After the settlement with Barr, Bayer had the Cipro patent successfully reexamined by the PTO, and then litigated the validity of the patent against three other generic challengers, winning each time. Nonetheless, private plaintiffs later brought over 40 separate class action complaints against Bayer and Barr, asserting that the use of “reverse payments” from patent holder to challenger in the settlement was illegal under the antitrust laws. Based on two early enforcement actions by the FTC, similar cases were brought against other Hatch-Waxman litigants around the country.

In March 2005, Judge David Trager ruled that the settlement did not violate the antitrust laws because the settlement excluded no competition beyond the exclusionary scope of the patent. See In re Ciprofloxacin Hydrochloride Antitrust Litig., 363 F. Supp. 2d 514 (E.D.N.Y. 2005). As to reverse payments, Judge Trager pointed out that the Hatch-Waxman procedures create a scenario in which the generic challenger can potentially invalidate a valuable patent without even entering the market. The generic thus has everything to gain (free entry) and the patent holder everything to lose (the patent). As a result, the consideration required to settle such a case, whether in the form of cash, a license, or something else, necessarily flows from the patent holder to the generic challenger. The real question for antitrust purposes is whether the settlement keeps out any lawful (that is, non-infringing) competition. Because the antitrust laws do not protect competition that infringes a patent, the court concluded that the settlement of a patent claim brought in good faith (i.e., not a “sham”) that is no broader than the exclusionary scope of the patent itself cannot harm competition.

The Federal Circuit affirmed in all respects. Judge Prost wrote for the panel that, whether a patent settlement is analyzed under the antitrust laws or the patent laws, the same principle guides the inquiry: In the absence of evidence of fraud before the PTO or sham litigation, the question is “whether the agreements restrict competition beyond the exclusionary zone of the patent.” 2008 WL 4570669, at *9. The court held that because any anticompetitive effects of the settlement agreement were within the scope of the Cipro patent, the agreements could not violate the antitrust laws. The court also rejected plaintiffs’ argument that other generic challenges had been precluded by the settlement from entering the market, noting that the Cipro patent had been subsequently challenged multiple times and held to be valid by district courts and the Federal Circuit.
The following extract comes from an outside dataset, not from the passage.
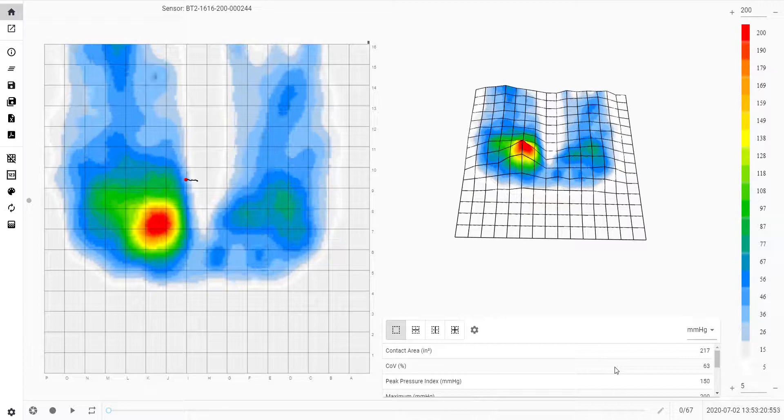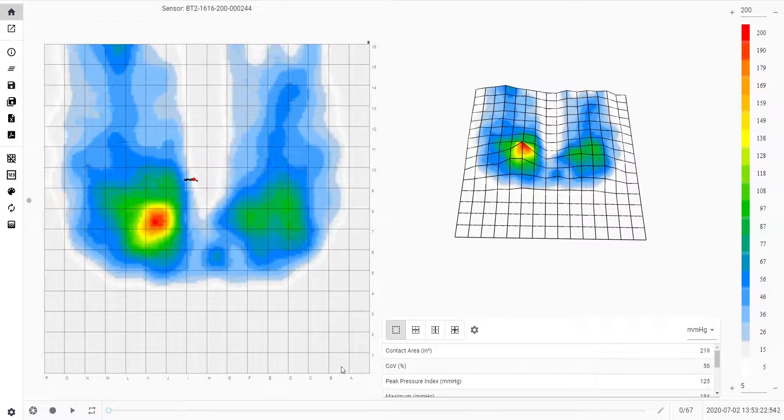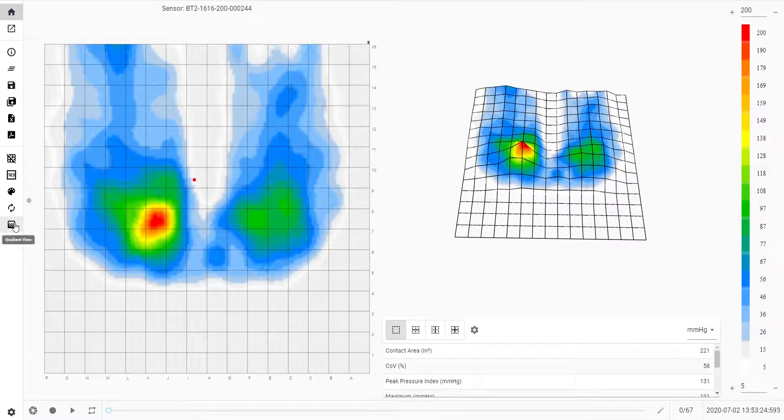If you are unsure of any icon, just hover over it and it will tell you what the icon means.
The FTC has taken the position that all of the court decisions ruling in favor of antitrust defendants on this issue are wrong, and has sought Congressional legislation to overturn them. The plaintiffs in In re Ciprofloxacin may ask the Supreme Court to review the case, although the Court has denied certiorari in all four of the federal appellate cases previously decided on this issue. In one of those cases, Schering-Plough Corp. v. FTC, 402 F.3d 1056 (11th Cir. 2005), the FTC filed its own cert. petition after losing in the 11th Circuit, whereupon the Solicitor General and the DOJ, when asked by the Supreme Court for their views, opposed the FTC’s petition.